Node which uses detections to track the objects with ByteTrack algorithm. The function of this node is persistance. Object detection can drop detection for few frames which easily throws off any follow logic. This is why a tracking algorithm is needed to give more uniform flow of data. This node wants specifically Detection2DArray messages from package vision_msgs. Node uses pre-existing implemenation from Supervision library. object_tracker.py outputs a single object which is the one being tracked.

!THERE IS NO TARGET SELECTION IMPLEMENTED!
This means that currently the tracked object is the first object in the Detection2DArray array. For choosing a specific target that needs to be tracked, one needs to know which type of object needs to be tracked and the detection model specific ID for the object. This is not implemented in the current form of node.

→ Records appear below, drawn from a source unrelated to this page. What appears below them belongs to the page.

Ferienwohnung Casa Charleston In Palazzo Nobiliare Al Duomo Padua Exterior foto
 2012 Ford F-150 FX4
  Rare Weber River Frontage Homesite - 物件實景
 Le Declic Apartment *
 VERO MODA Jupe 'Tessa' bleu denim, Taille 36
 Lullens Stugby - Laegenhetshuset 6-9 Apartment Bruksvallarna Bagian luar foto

ros2 run vision_package object_tracker.py --ros-args \
  -p input_topic_name:="detected_objects_topic" \
  -p output_topic_name:="tracked_objects_topic"

input_topic_name is the name of the topic which this node listens from Detection2DArrays.
output_topic_name is the name of the topic to which this node publishes the tracked object information to. The format is also Detection2Darray but filtered to the tracked object.

track_publisher.py

Node which publishes images with the corresponding detection (bounding box + id) drawn to frame for debugging purposes. Node outputs an image and can be viewed with image_subscriber or RVIZ2 etc.

ros2 run vision_package track_publisher.py --ros-args \ 
  -p input_images:="image_topic" \
  -p input_tracks:="tracked_objects_topic" \
  -p output_topic_name:="tracked_image_topic"

input_images is the topic publishing images.
input_tracks is the topic publishing Detection2DArray messages.
output_topic_name is the topic name to which the visualization images are published

Diagram for node interaction in vision_package

Link to the diagram

Notes and debuggin details

These are problems I’ve ran across and used considerable time to find the fix.

Image_transport needs to be installed separately eg: sudo apt install ros-humble-image-transport

Python scripts need to have exectution rights eg: chmod +x object_recongizer.py

file header for the py file might be also needed: #!/usr/bin/env python3

Use numpy 1.24.1 if ROS2 package “CV_bridge” or others come up with errors about being buildt on numpy<2

Do not use pip packages of opencv pyhton. Apt works best sudo apt install -y python3-opencv

For yt-dlp eg. video publisher ~/.local/bin needs to be exported to shell. Add the following command to your ~/.bashrc

if [ -d "$HOME/.local/bin" ] ; then
    PATH="$HOME/.local/bin:$PATH"
fi

Arducam globalshutter camera does not have working exposure. Cannot be set manually nor automatically.